Servono però soprattutto gigantesche risorse che nessun bilancio ordinario sarà mai capace di reperire e, d’altra parte, l’assenza di opere preventive impone, subito dopo i disastri, spese colossali per affrontare le emergenze da rintracciare necessariamente, e in breve tempo, proprio in quei medesimi, incerti bilanci ordinari. Secondo stime recenti occorrerebbe un piano straordinario che dovrebbe destinare 4 miliardi di euro l’anno per i prossimi vent’anni per dare corpo alle opere antisismiche e idrogeologiche indispensabili al fine di sanare i mali dei territori. Se poi sono vere le valutazioni secondo cui oltre la metà degli edifici pubblici ha bisogno di interventi strutturali, il conto complessivo potrebbe salire a 100 miliardi di euro necessari nello stesso periodo. A tali cifre andrebbero aggiunti, sempre in termini di recupero ambientale, i costi delle bonifiche dei siti inquinati che occupano in Italia significative porzioni di territorio; prendendo in esame solo i cosiddetti siti di interesse nazionale (SIN), sono stati ritenuti necessari circa 3 miliardi di euro per restituire simili aree agli usi legittimi.

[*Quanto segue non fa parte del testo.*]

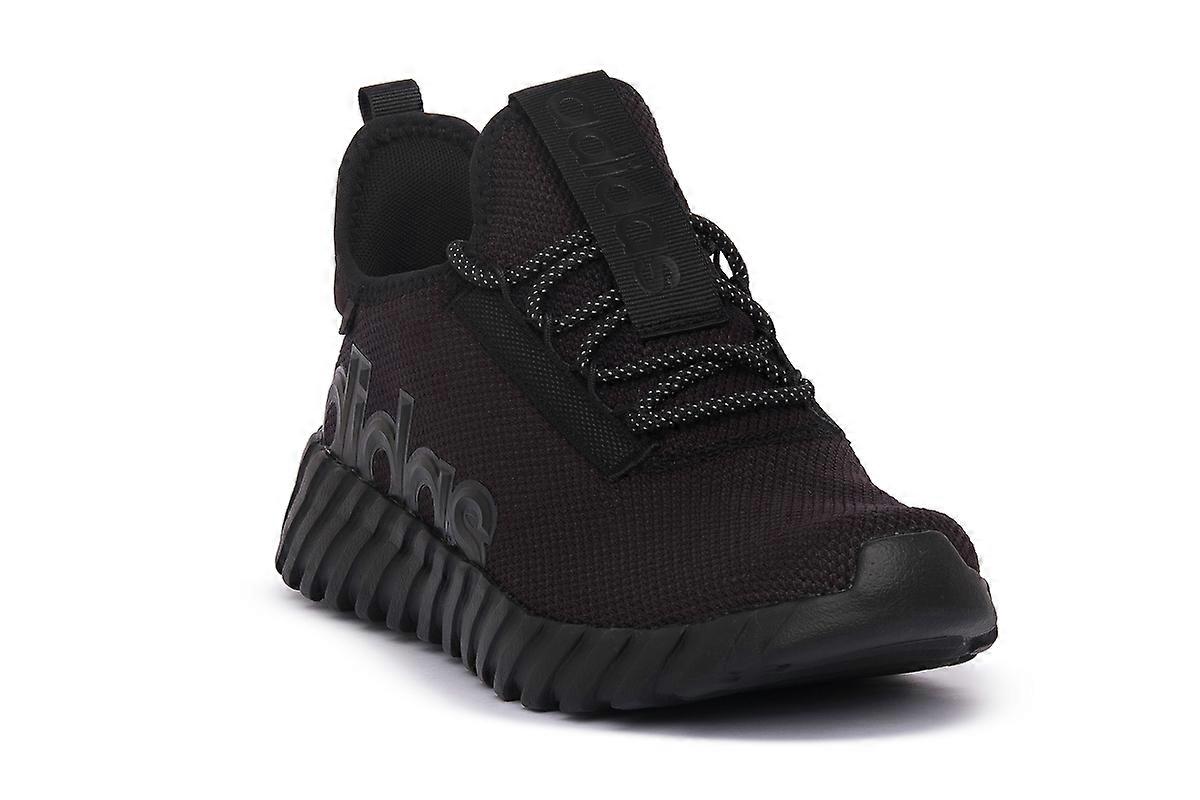 Adidas kaptir 3 k sneakers mode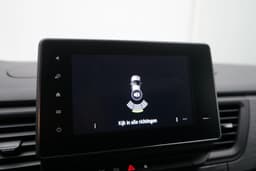 Thumbnail 24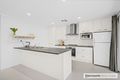 Property photo of 4 Parri Link Noarlunga Downs SA 5168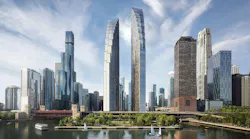 Rendering: Related Midwest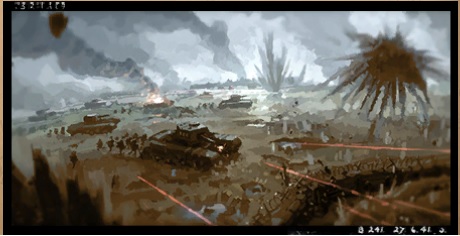 f:id:mistraincloss:20170530200517j:plain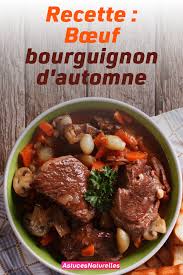 Pin On Recettes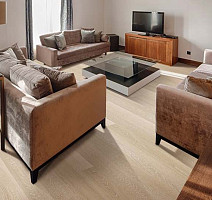 Wood Xl OAK MILCH фото 2 | FLOORDEALER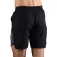 Endless Phoenix shorts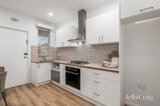 https://images.listonce.com.au/custom/160x/listings/1515-17-cochrane-street-brighton-vic-3186/152/01954152_img_06.jpg?PBgF3QZiqMM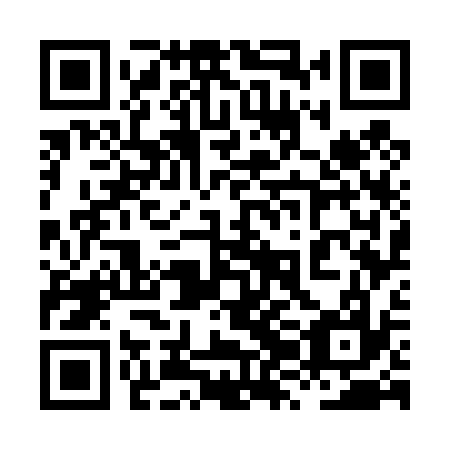 QR code for 8ZG 437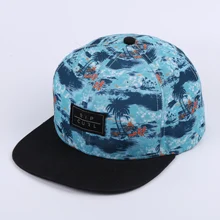 Новейшая джинсовая кепка с надписями, Повседневная бейсбольная кепка в стиле хип-хоп, бейсбольная Кепка Snapback, размер s MOQ 50 шт., индивидуальный дизайн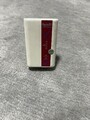 AVM FRITZ!WLAN Repeater Verstärker 310 WLAN MESH 300Mbit/s 2,4GHz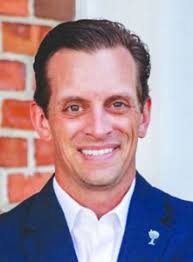 Runoffs to decide Hartsville, Society Hill mayoral races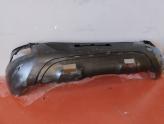 Oto Çıkma Parça / Renault / Kadjar / Tampon / Arka Tampon / Çıkma Parça 
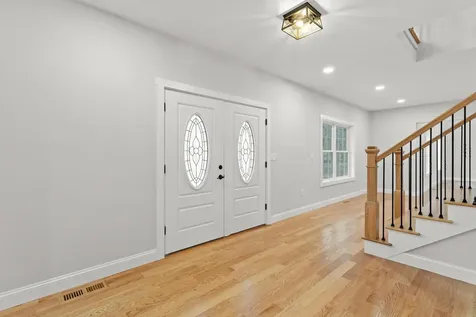 380 E Dunbarton Road Goffstown NH 03045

Si tratta, nell’insieme, di risorse in buona misura pubbliche –sia sotto forma di finanziamenti che di sgravi fiscali– non rintracciate e, per molti versi, non rintracciabili neppure modificando radicalmente l’ordine di priorità di spesa pubblica senza un drastico cambiamento di impostazione della contabilità pubblica, a partire ancora una volta dalle regole europee. Solo per rendere più chiara questa sostanziale e contraddittoria “impotenza” può essere utile citare qualche numero ulteriore. Nell’arco di tempo compreso fra il 1991 e il 2008 il totale degli investimenti pubblici destinati alla mitigazione del rischio idrogeologico è stato pari a 7,3 miliardi di euro, una cifra, come è evidente, del tutto insufficiente per conseguire risultati decorosi. Nel periodo 1994-2005 solo per le emergenze e gli indennizzi a seguito di eventi critici nel bacino del Po sono stati spesi invece 12,5 miliardi di euro con l’obiettivo di lenire le ferite che non erano state prevenute.

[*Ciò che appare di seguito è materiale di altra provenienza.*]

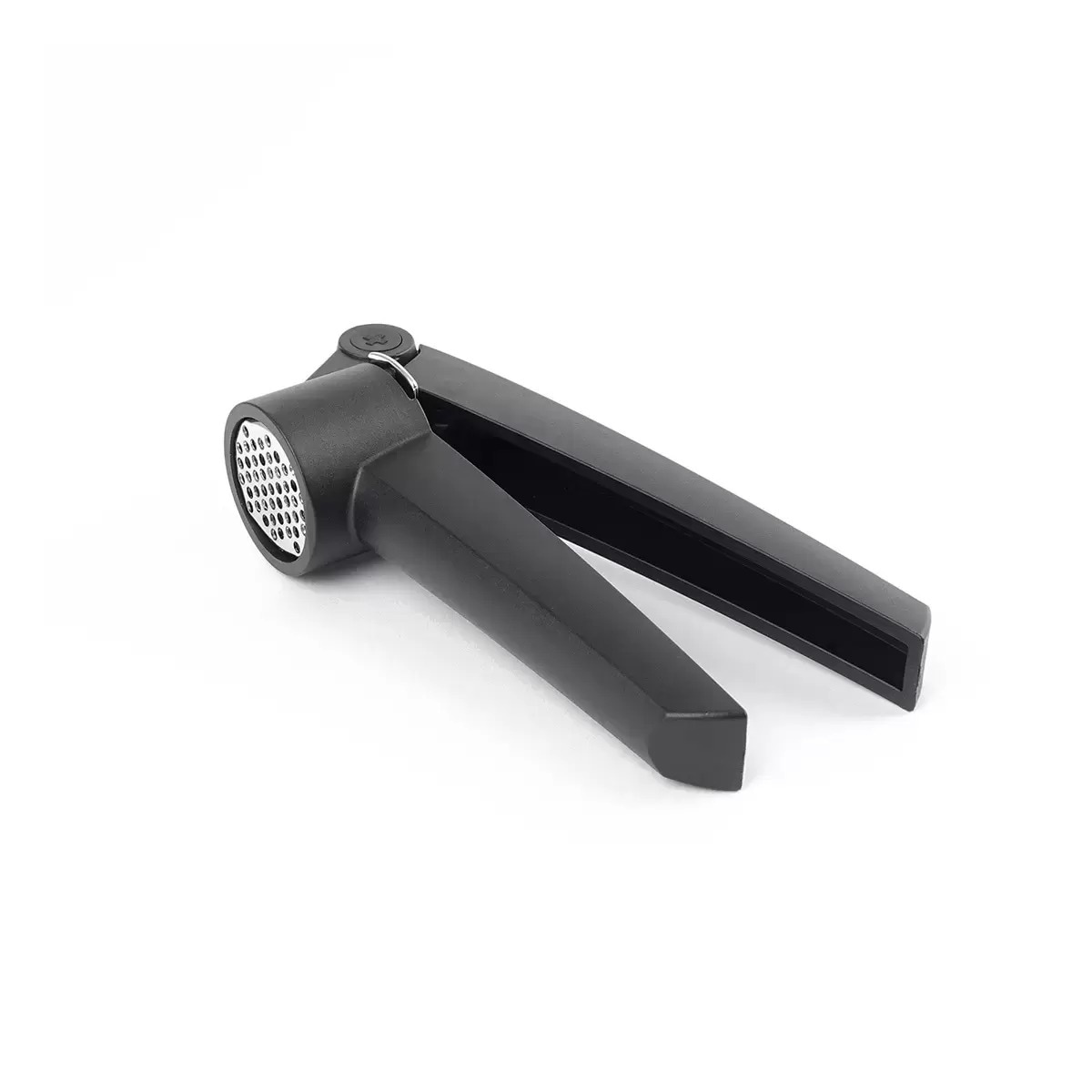 SWISSMAR ステンレス 304 18/10 ガーリックプレス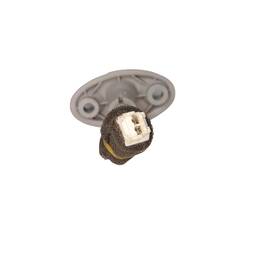 QUEBRA SOL DIREITO CHERY TIGGO 7 PRO 1.6 2022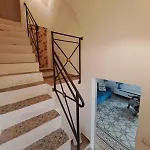 Apartment Casa Giavada Steripinto Sciacca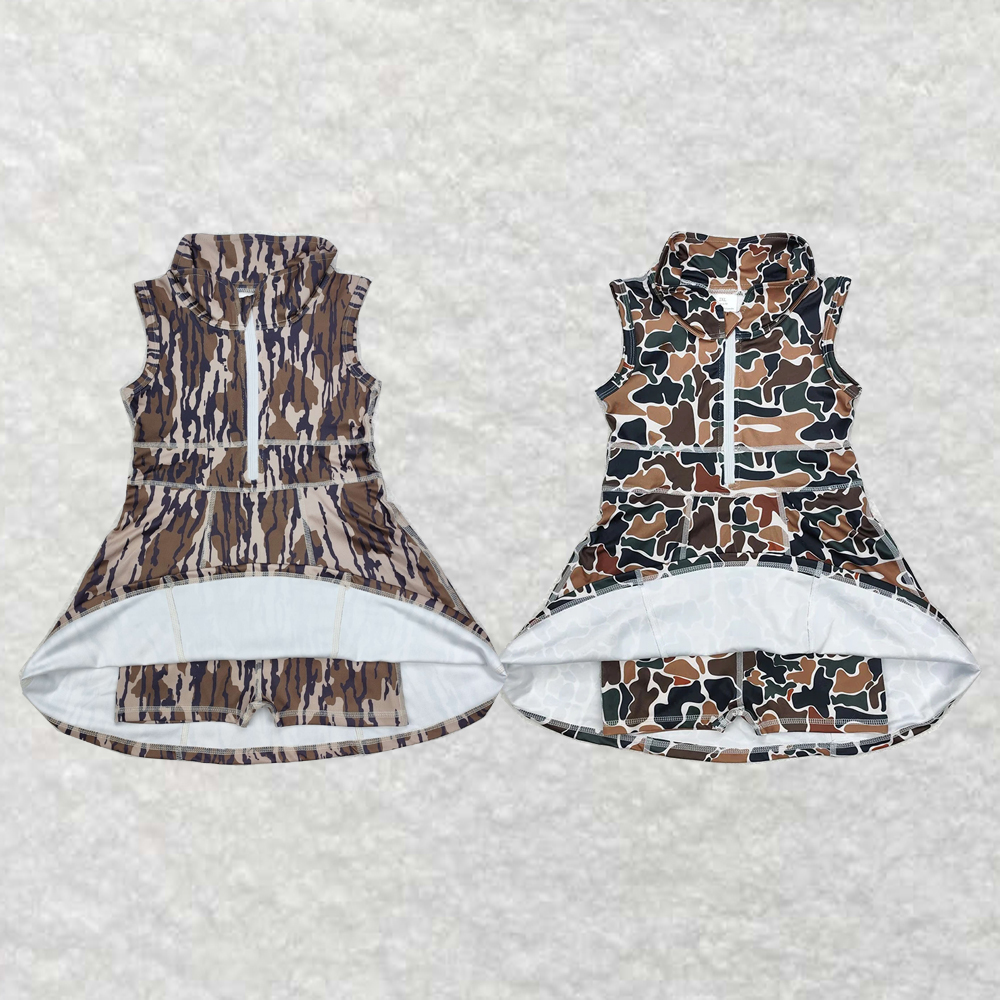 Wholesale hot sale Western Bou – обзор и цена Baby Yoga Clothing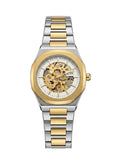 K-9007 | AUTOMATIC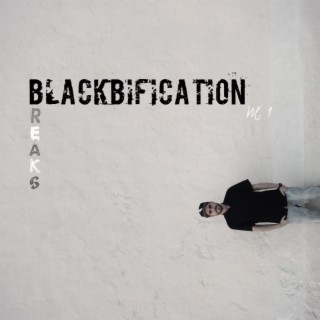Blackbification
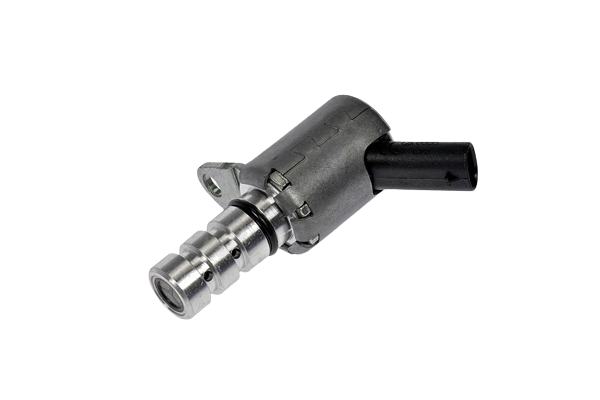 Supapă Distribuție Faceți VW Audi 06E115243G 11151789101 Vika main product photo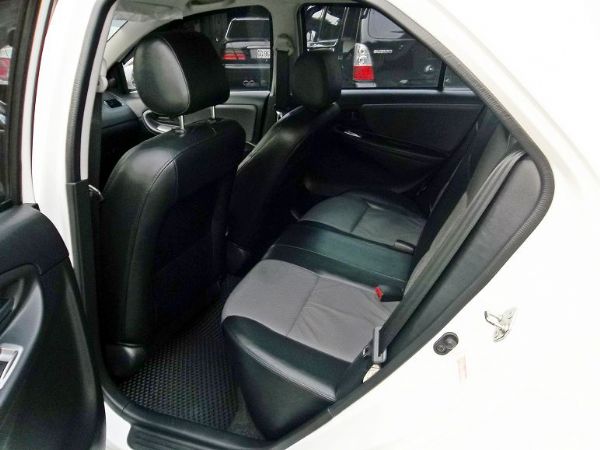 豐田 VIOS 2009年 1.5白 照片7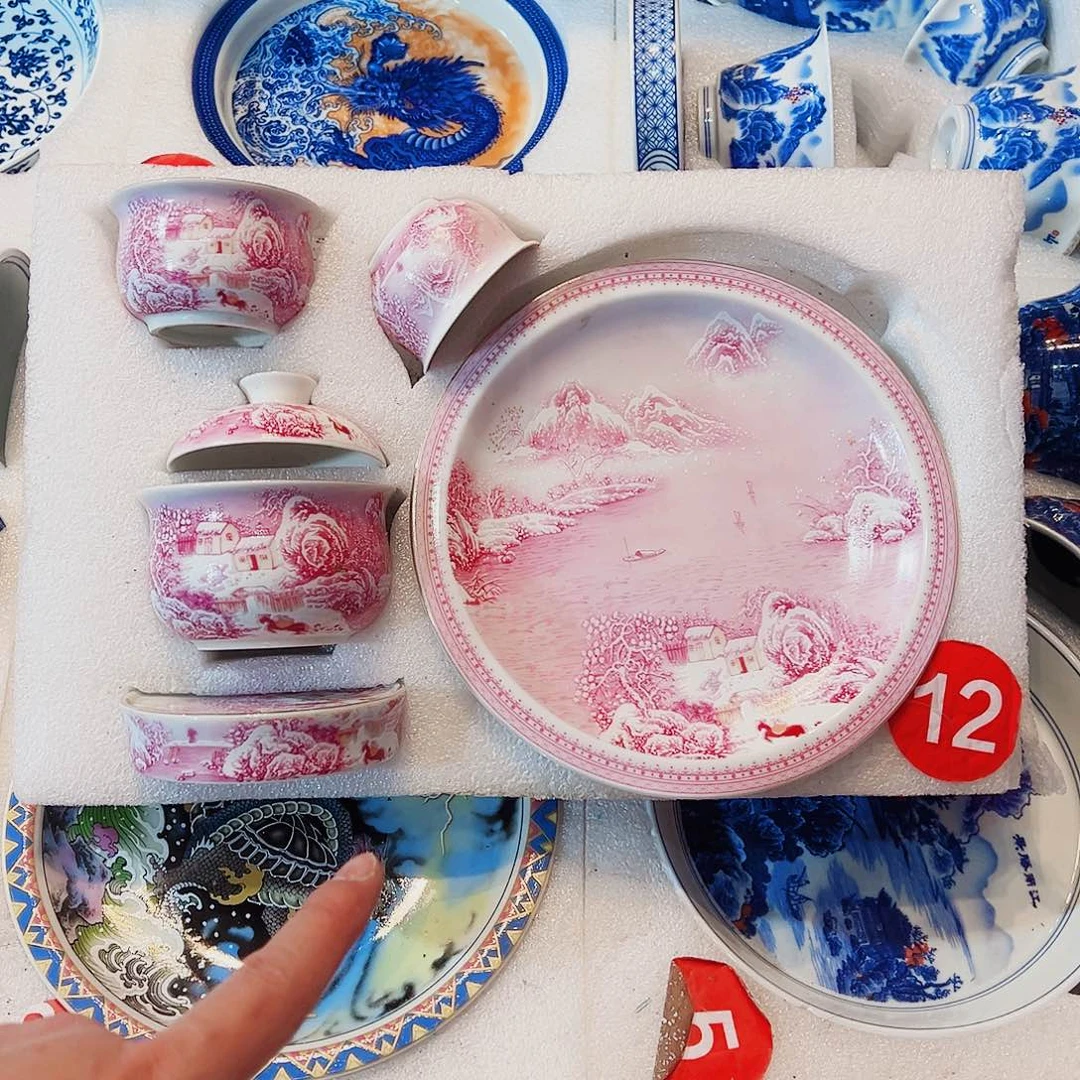 福袋链接828289292992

I dati non sono certo migliori nell’ambito dei finanziamenti destinati al rischio sismico. Il fondo per la prevenzione antisismica, approvato nel pieno della tragedia del terremoto che ha sconvolto l’Aquila è stato programmato su sette anni, dal 2010 al 2016, per un importo complessivo di 965 milioni di euro, subendo per di più ulteriori riduzioni fino ai 44 milioni proprio di quest’anno. Di nuovo, per fare un crudo raffronto è sufficiente citare la stima del costo dei danni del sisma emiliano del 2102 che superano i 13 miliardi. Il perché di questa discrasia fra le risorse destinate alla prevenzione e quelle riservate all’emergenza non è però riconducibile solo alla “disattenzione” della politica ma ha a che fare, appunto, anche, se non soprattutto, con le già citate regole di contabilità, figlie dei vincoli europei, secondo cui proprio gli investimenti, più ancora della spesa corrente, sottostanno alle censure dei parametri “inventati” a Maastricht. Per l’Europa, impiegare risorse pubbliche per mettere in sicurezza una scuola costituisce un atto “sospetto” e il motivo discende dal fatto che, a differenza della spesa corrente, la spesa per investimenti può essere finanziata aumentando il debito pubblico, ritenuto nella visione germanocentrica il peggiore dei mali. È sempre più evidente che una simile visione non è in grado di risolvere nessuno dei grandi problemi strutturali del Vecchio Continente, tra cui quello della sicurezza ambientale è certamente uno dei primi.